▶ [Assignment]
Write out the lines below exactly, beginning at the one with "adidas Tie Dye" and stopping after the one with "Kadın Siyah Askılı"; the pictures are not copied.

━━━━━ Exercise input

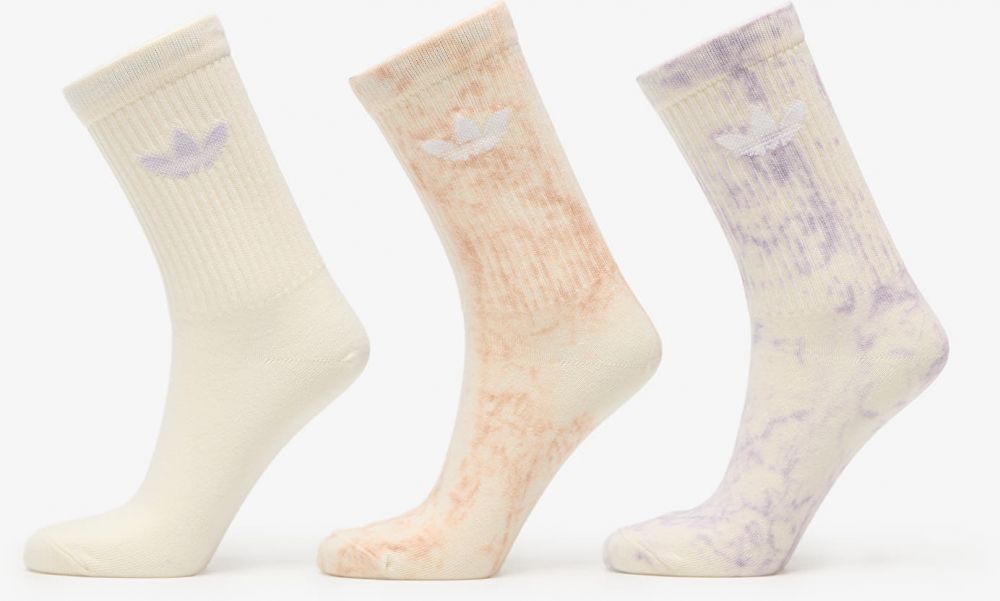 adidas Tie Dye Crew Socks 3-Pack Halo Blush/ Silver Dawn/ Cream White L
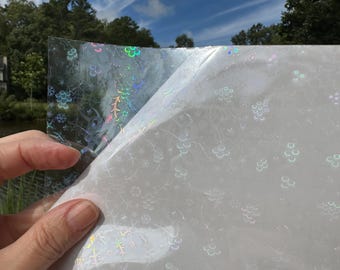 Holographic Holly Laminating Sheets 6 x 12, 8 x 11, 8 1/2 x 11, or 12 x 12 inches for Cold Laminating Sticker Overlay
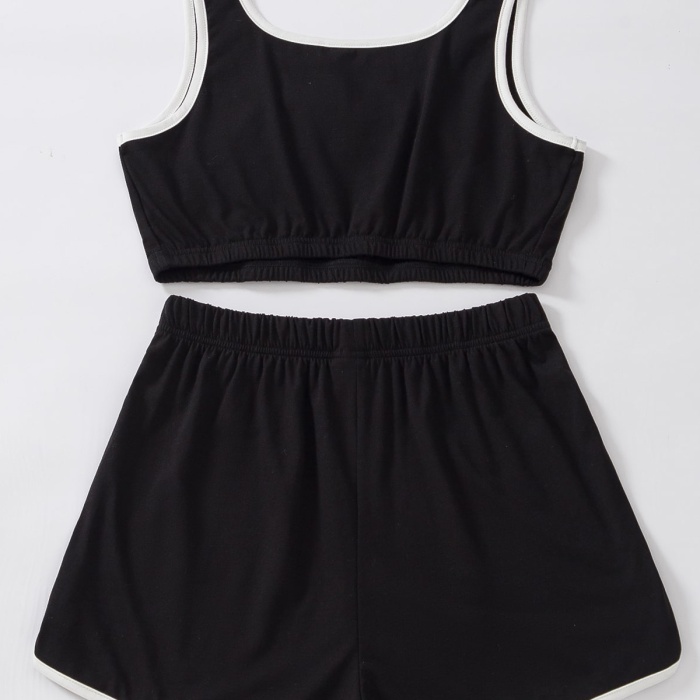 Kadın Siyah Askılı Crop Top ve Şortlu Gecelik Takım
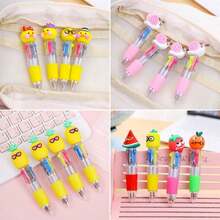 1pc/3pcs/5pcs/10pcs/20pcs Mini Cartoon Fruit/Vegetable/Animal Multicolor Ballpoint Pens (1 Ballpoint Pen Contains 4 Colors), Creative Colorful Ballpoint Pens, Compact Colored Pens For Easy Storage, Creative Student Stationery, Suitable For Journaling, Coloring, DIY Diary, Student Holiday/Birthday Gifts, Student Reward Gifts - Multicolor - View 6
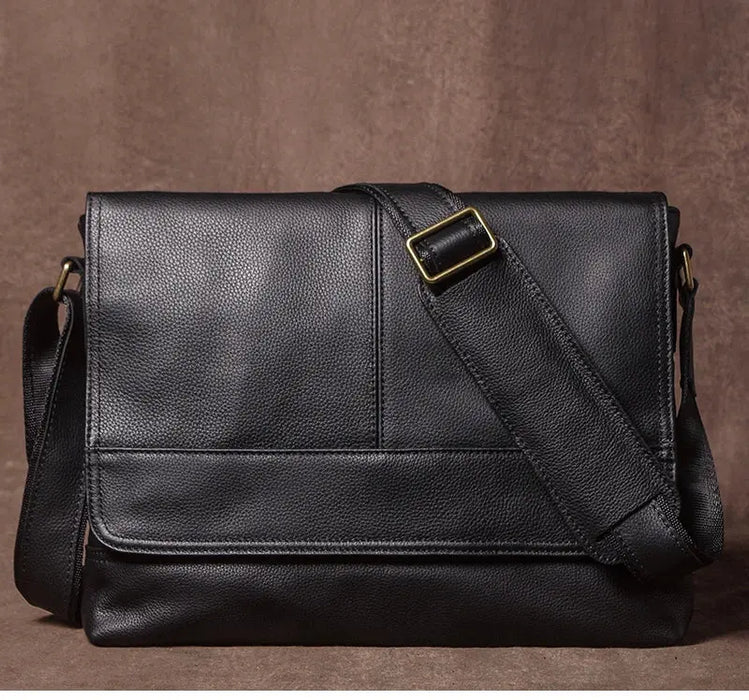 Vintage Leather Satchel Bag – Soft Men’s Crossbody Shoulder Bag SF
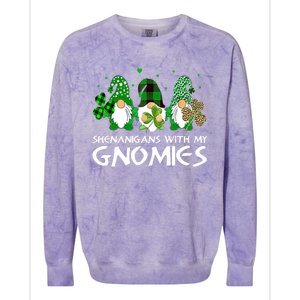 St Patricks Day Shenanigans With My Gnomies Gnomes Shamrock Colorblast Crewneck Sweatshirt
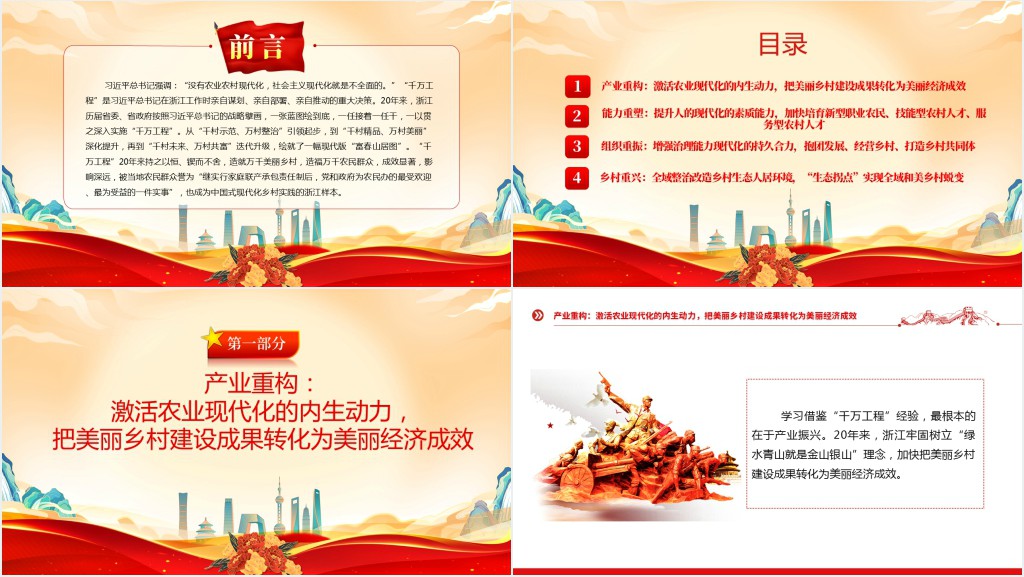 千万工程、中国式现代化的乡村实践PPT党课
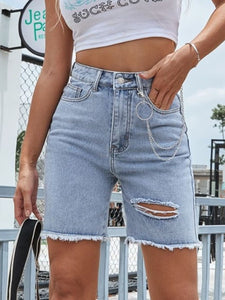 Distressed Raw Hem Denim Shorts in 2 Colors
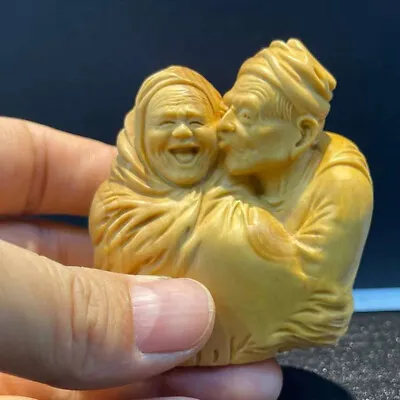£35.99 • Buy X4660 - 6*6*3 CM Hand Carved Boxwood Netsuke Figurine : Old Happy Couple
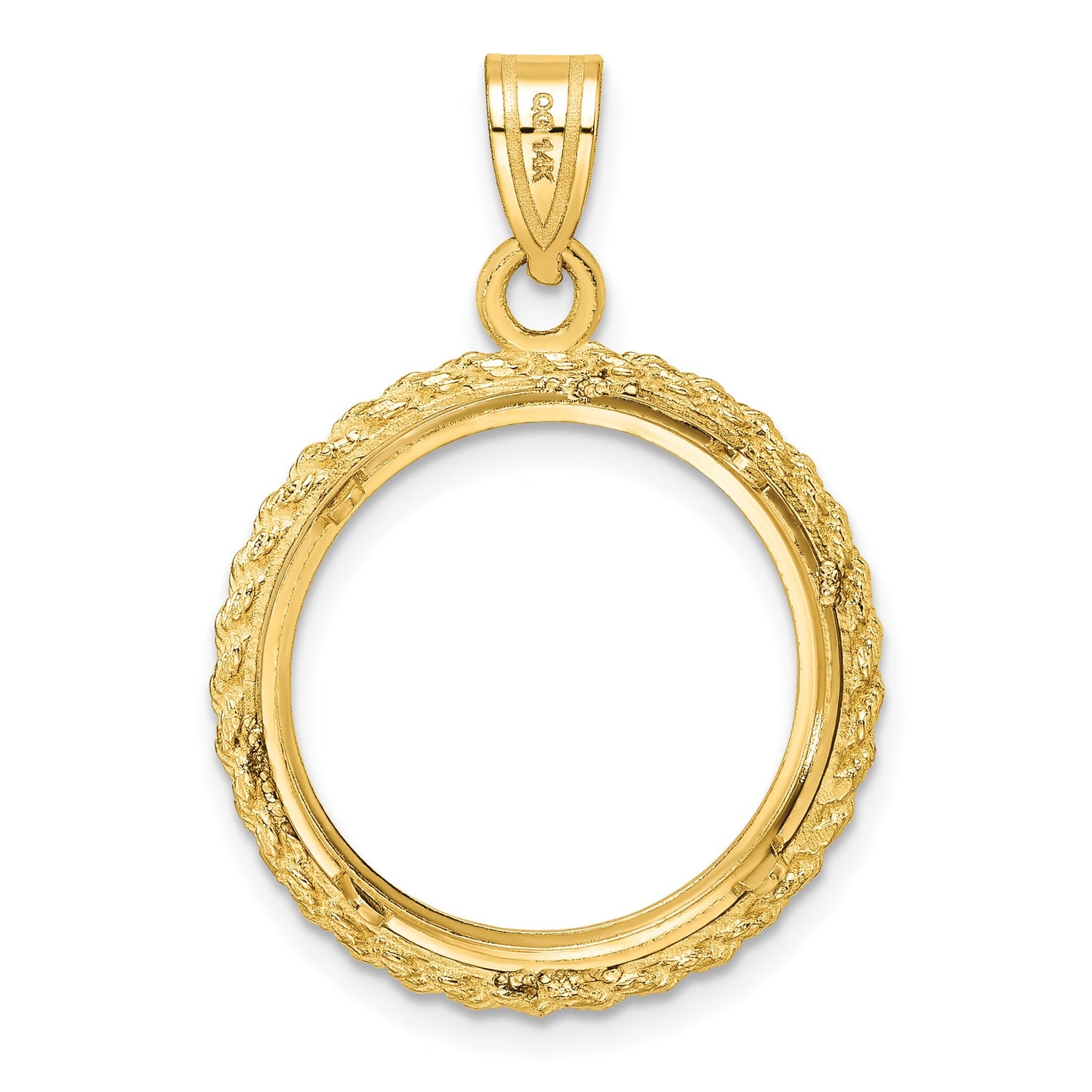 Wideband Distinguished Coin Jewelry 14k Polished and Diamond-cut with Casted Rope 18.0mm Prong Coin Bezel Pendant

━━━━━━━━━━
━━━━━ Exercise input

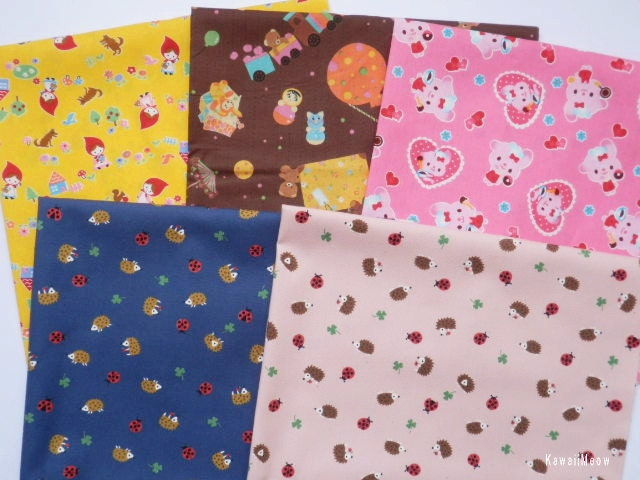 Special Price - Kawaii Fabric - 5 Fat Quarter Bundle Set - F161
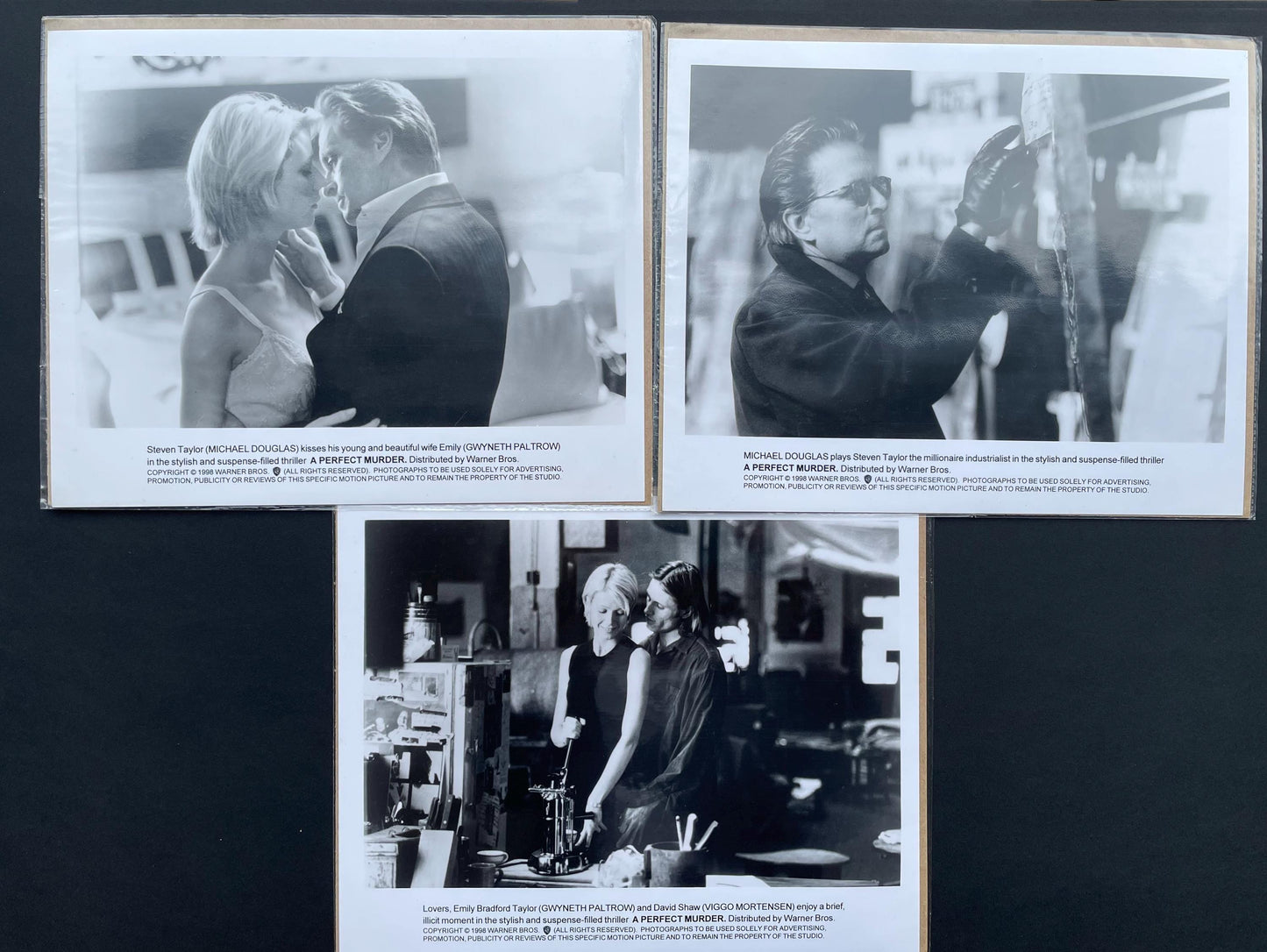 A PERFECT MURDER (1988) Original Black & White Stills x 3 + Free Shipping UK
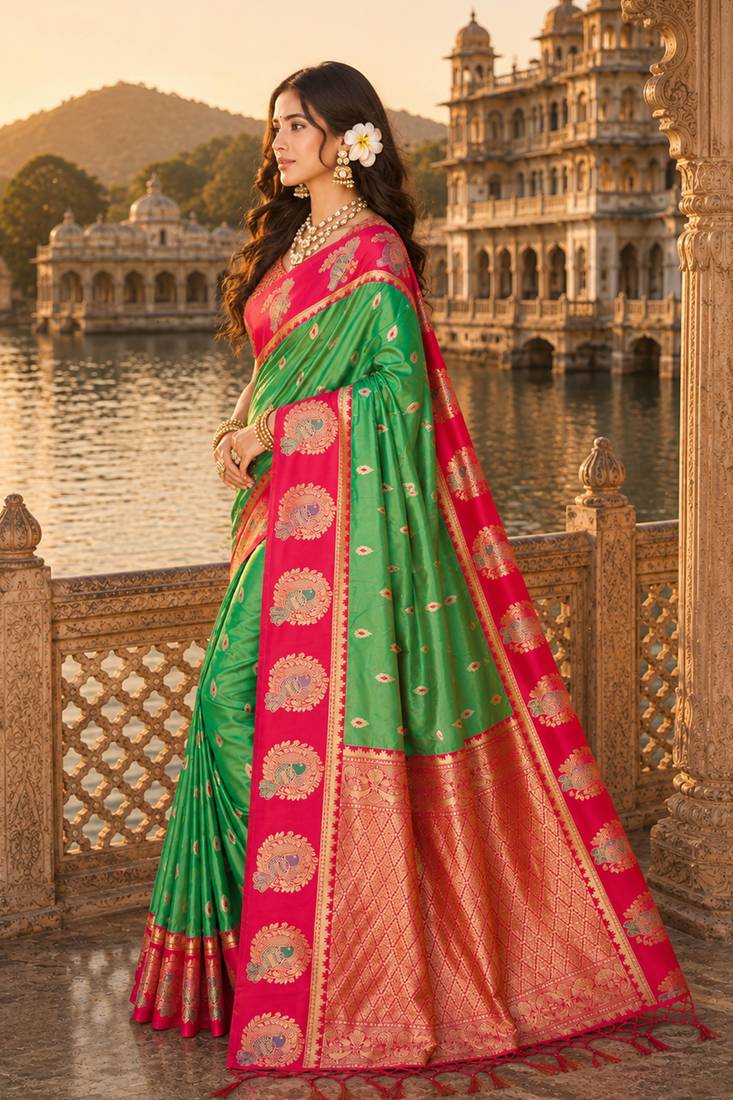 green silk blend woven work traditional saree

━━━━━━━━━━
━━━━━ Exercise input

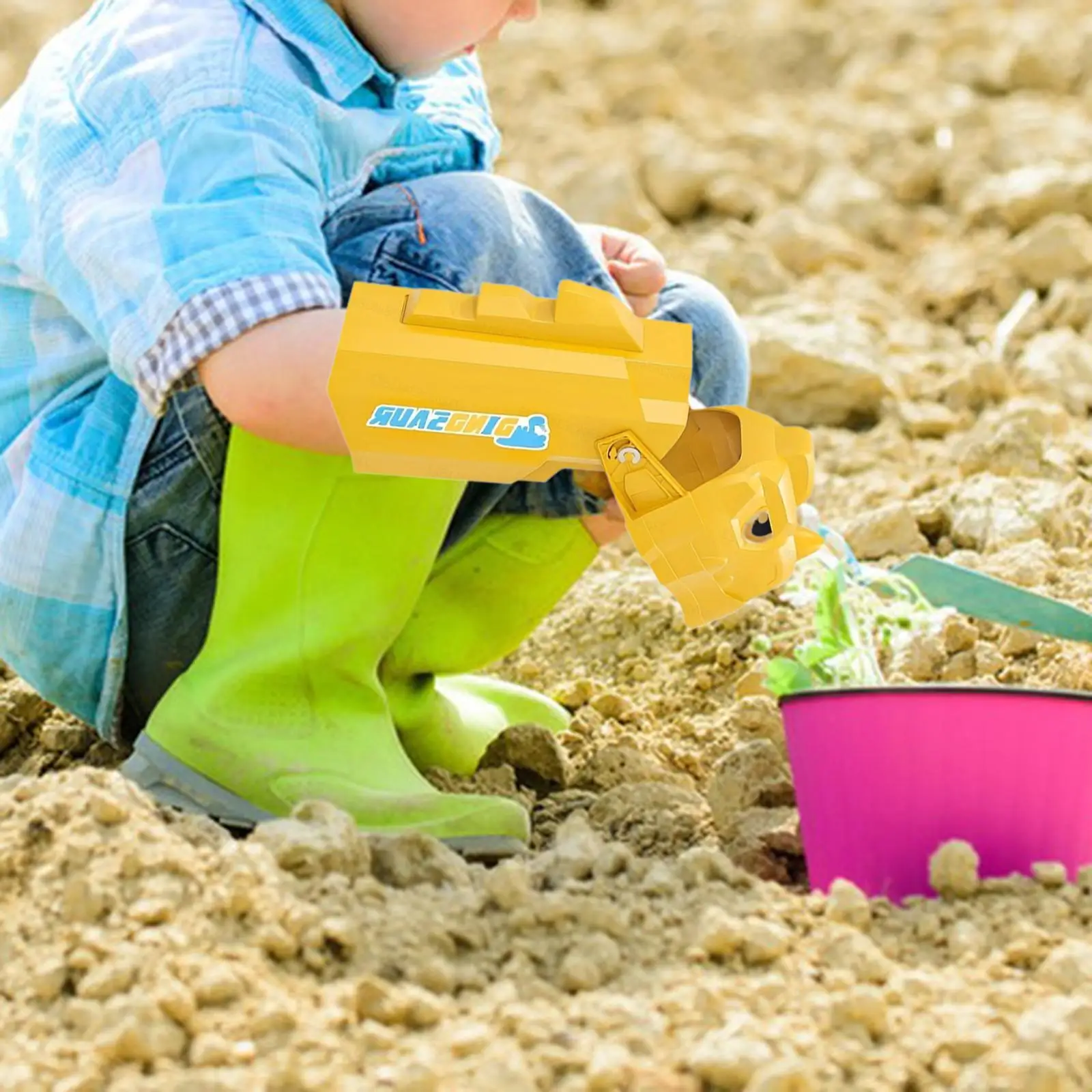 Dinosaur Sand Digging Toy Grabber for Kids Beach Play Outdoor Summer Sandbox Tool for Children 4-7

━━━━━━━━━━

▶ [Exercise answer]
 adidas Tie Dye Crew Socks 3-Pack Halo Blush/ Silver Dawn/ Cream White L
 Holographic Holly Laminating Sheets 6 x 12, 8 x 11, 8 1/2 x 11, or 12 x 12 inches for Cold Laminating Sticker Overlay
 Kadın Siyah Askılı Crop Top ve Şortlu Gecelik Takım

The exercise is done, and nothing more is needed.